First, the Establishment Clause, as ratified in 1791, was a federalism provision. It prevented Congress from interfering with state establishments of religion. That provision suggests that states can have established religions, and that Congress cannot disestablish any of those religions. As all know, there were several established churches at the time of the founding. And if tradition means anything, then practices from 1791 are directly relevant to this question.
Second, as Justice Thomas has observed, such a federalism provision resists incorporation. I’ve not seen any compelling evidence from debates during the 39th Congress suggesting that the Fourteenth Amendment would place the states under the strictures of the Establishment Clause. (And if the Section 3 debates has taught us anything, the only relevant speeches that matter to understand the Fourteenth Amendments are remarks from congressional republicans in a narrow two-year window.) To be sure, there were comments about the freedom of conscience, perhaps as a privilege or immunity of citizenship, but not about the Establishment Clause in particular–and certainly not about how the Warren Court understood the Establishment Clause. And by the 1860s, all of the Established Churches had been disestablished. But as a practical matter, it was never clear to me how the Establishment Clause could even be incorporated as a privilege or immunity of citizenship, or even as a liberty protected by the Due Process Clause.
Third, the Establishment Clause doctrine developed in the Twentieth Century was based on a misreading of Jefferson’s letter to the Danbury Baptist, and ignored the overwhelming amount of evidence that others in the founding generation did not share Jefferson’s views. (See Justice Scalia’s dissents in Lee v. Weisman and McCreary County.) And there was no attempt to graft it in how religion was understood in the 1860s.

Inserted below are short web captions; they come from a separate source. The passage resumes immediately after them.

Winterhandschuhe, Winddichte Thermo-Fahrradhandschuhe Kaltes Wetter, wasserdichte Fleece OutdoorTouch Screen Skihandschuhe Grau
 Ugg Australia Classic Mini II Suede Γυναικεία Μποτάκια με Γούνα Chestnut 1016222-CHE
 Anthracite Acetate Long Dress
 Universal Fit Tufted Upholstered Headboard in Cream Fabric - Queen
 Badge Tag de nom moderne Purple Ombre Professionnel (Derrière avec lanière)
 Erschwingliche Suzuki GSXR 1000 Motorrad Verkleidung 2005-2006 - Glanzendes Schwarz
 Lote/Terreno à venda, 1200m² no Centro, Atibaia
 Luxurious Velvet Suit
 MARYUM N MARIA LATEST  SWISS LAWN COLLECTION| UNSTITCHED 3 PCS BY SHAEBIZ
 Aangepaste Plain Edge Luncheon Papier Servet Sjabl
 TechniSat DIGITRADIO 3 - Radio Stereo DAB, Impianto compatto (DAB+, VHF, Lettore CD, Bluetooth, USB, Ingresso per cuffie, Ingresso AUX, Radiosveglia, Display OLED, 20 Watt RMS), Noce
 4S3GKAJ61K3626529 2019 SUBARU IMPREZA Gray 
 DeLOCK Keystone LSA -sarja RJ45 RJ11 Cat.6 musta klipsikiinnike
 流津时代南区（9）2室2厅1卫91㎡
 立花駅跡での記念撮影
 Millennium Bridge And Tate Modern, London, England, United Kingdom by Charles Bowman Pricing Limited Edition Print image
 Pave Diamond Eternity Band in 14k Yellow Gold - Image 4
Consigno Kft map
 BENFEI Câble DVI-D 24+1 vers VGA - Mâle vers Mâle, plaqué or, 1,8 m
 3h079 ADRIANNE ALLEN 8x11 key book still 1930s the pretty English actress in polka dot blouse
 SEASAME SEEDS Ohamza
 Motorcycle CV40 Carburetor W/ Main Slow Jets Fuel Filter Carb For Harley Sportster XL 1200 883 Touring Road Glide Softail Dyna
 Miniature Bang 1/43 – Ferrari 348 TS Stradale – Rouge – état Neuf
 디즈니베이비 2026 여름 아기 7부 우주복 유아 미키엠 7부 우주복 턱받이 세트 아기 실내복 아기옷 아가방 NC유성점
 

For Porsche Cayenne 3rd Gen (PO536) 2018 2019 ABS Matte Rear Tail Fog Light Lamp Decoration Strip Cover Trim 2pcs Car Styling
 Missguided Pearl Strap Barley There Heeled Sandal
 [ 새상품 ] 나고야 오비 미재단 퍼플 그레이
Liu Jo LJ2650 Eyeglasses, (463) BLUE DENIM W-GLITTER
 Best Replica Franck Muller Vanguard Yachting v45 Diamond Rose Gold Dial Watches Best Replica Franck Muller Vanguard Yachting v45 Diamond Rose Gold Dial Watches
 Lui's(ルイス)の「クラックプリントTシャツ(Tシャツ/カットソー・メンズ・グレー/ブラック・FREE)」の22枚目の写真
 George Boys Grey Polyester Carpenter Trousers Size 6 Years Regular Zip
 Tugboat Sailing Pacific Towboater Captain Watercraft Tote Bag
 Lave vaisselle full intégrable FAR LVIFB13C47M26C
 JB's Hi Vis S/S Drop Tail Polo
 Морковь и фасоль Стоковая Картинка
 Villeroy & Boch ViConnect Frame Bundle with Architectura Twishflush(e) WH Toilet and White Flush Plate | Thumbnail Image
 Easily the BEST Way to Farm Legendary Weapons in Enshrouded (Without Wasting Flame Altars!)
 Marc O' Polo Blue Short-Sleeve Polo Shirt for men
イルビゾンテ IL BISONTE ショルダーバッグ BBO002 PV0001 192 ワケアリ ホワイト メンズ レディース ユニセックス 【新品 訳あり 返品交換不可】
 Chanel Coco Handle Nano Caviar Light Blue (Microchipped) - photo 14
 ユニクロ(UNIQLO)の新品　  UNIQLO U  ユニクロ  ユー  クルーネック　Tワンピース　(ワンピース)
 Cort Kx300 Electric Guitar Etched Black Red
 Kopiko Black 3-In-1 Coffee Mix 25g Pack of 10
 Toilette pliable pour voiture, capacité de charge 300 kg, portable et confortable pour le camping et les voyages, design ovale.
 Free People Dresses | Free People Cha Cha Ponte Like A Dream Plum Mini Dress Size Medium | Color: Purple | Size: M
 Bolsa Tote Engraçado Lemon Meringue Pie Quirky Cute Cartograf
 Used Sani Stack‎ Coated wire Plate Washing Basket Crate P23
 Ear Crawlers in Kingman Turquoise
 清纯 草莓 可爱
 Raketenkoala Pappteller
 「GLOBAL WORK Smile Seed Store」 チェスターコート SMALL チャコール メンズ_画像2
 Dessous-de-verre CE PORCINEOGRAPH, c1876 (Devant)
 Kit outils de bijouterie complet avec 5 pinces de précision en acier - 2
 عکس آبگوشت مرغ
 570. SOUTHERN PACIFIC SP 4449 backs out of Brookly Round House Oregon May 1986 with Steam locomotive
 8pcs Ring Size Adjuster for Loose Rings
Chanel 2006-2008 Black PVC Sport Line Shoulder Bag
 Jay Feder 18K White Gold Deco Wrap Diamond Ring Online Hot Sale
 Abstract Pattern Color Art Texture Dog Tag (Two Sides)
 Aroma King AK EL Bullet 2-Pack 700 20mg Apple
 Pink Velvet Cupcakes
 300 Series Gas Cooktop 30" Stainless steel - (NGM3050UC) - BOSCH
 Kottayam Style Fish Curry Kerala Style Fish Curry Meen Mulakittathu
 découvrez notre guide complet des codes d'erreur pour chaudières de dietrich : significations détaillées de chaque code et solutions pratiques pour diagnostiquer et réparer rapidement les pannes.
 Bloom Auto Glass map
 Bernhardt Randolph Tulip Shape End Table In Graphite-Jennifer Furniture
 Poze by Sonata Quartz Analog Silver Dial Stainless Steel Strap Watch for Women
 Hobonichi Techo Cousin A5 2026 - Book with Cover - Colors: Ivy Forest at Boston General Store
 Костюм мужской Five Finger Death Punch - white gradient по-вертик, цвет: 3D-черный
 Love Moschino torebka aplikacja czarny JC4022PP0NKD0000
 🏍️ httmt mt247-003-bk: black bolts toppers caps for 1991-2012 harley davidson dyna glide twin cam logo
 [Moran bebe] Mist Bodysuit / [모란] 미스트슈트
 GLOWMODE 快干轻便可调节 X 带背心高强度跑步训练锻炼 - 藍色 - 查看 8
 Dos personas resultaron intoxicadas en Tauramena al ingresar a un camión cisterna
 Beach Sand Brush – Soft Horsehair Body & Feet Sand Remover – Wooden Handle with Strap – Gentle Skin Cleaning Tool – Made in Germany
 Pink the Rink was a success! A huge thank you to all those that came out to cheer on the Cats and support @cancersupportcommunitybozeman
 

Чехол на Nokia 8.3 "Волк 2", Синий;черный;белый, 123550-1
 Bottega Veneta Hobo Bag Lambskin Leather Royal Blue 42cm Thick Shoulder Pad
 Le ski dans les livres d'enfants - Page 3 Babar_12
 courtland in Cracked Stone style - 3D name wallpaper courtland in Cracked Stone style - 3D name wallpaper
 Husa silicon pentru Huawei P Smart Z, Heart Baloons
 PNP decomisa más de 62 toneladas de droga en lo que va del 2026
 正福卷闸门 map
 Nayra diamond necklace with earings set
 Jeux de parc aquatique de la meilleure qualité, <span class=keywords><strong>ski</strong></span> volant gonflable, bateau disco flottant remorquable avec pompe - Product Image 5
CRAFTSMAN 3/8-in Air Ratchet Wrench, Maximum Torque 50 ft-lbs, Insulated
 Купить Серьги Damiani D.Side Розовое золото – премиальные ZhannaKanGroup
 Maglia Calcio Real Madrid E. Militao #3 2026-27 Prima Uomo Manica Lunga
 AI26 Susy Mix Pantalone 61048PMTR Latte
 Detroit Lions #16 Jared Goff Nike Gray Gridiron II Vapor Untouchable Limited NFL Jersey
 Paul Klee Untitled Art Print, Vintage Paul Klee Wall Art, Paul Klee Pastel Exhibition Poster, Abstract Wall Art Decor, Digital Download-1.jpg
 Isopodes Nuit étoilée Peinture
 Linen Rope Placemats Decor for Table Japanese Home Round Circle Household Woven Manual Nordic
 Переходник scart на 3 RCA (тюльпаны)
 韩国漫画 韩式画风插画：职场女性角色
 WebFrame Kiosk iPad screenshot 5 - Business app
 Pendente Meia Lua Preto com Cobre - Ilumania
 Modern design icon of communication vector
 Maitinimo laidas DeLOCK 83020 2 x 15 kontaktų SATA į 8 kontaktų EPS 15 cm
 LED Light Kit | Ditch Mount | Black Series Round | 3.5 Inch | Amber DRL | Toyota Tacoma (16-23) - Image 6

Fourth, the Establishment Clause has had anomalous effects in other areas of the law, such as “taxpayer” standing and “offended observer” standing. (I’ve referred to these adjustments as “epicycles.”) These doctrines were invented to ensure there was standing to consider cases based on invented doctrines. Legal fictions all the way down. Really, all we are left with is a stare decisis defense of Establishment Clause cases. We know how much that is worth.
The Court has begun to correct course. The Court (effectively) overruled the Lemon test in Kennedy, favoring a “text, history, and tradition” approach. No more concerns about “purpose” or “entanglement.” American Legion cabined McCreary County with regard to public displays of religion. I don’t think any such new cases are even in the pipeline. Town of Greece cabined Lee v. Weisman for public prayer cases. I’ve seen some arguments that school in prayer may be in play, if done in a voluntary, separate setting. And Carson v. Makin has largely addressed funding of religious institutions. Providing the funding indirectly, instead of directly, gets around most issues. Blaine Amendments are on precarious ground, even if not formally declared unconstitutional.
What remains of the Establishment Clause going forward? I think cases of actual coercion are still viable. In my view, those sorts of claims always seemed more grounded in Free Exercise doctrine than in Establishment Clause doctrine. That is, coercing a person to engage in any particular faith is itself a violation of that person’s own rights of conscience. Justice Gorsuch’s opinion in Kennedy recognized this principle. That sort of argument works even for an atheist, whose system of conscience is to have no religion at all.
There are also cases where the government prefers one particular religion, or disfavors a particular religion. We saw these claims raised during the travel ban litigation–that is, the policy expressed a disfavor (animus) towards Islam. At the time, I thought these claims sounded in the Free Exercise Clause, like in Lukumi. That is, the government was burdening the rights of Muslims because of their religion. But of course, that argument would not work with the travel ban, because non-citizens seeking entry to the United States could not assert a free-standing Free Exercise claim. Instead, they had to assert some sort of structural Establishment Clause against the federal government. That argument never made much sense to me.
In candor, there is not much Establishment Clause caselaw left over after Kennedy, Carson, Town of Greece, and American Legion. A union of church and state that would have been unconstitutional a generation ago is now constitutionally mandated–Justice Sotomayor’s Carson dissent makes this point directly. And what little doctrine exists is probably better conceptualized as Free Exercise jurisprudence.
So I pose the question: can the Establishment Clause be unincorporated? The federal government would remain subject to the clause–perhaps even subject to modern doctrine. National policy would still have to be religiously neutral. But states would only be subject to the strictures of the Free Exercise Clause. The originalist case for incorporating the Establishment Clause never made sense. That caselaw has engendered massive and unending controversies. And it has distorted other areas of caselaw. Whatever concrete reliance interests could be addressed through a properly-understood Free Exercise Clause. The only claims that would fall out would be those that have no basis on text, history, or tradition.
Readers of this post may be rolling there eyes, but this is how change start. Seeds are planted and things grow. There is some scholarship defending the incorporation of the Establishment Clause by Kurt Lash and Fred Gedicks. Those might be good places to start thinking about the issue.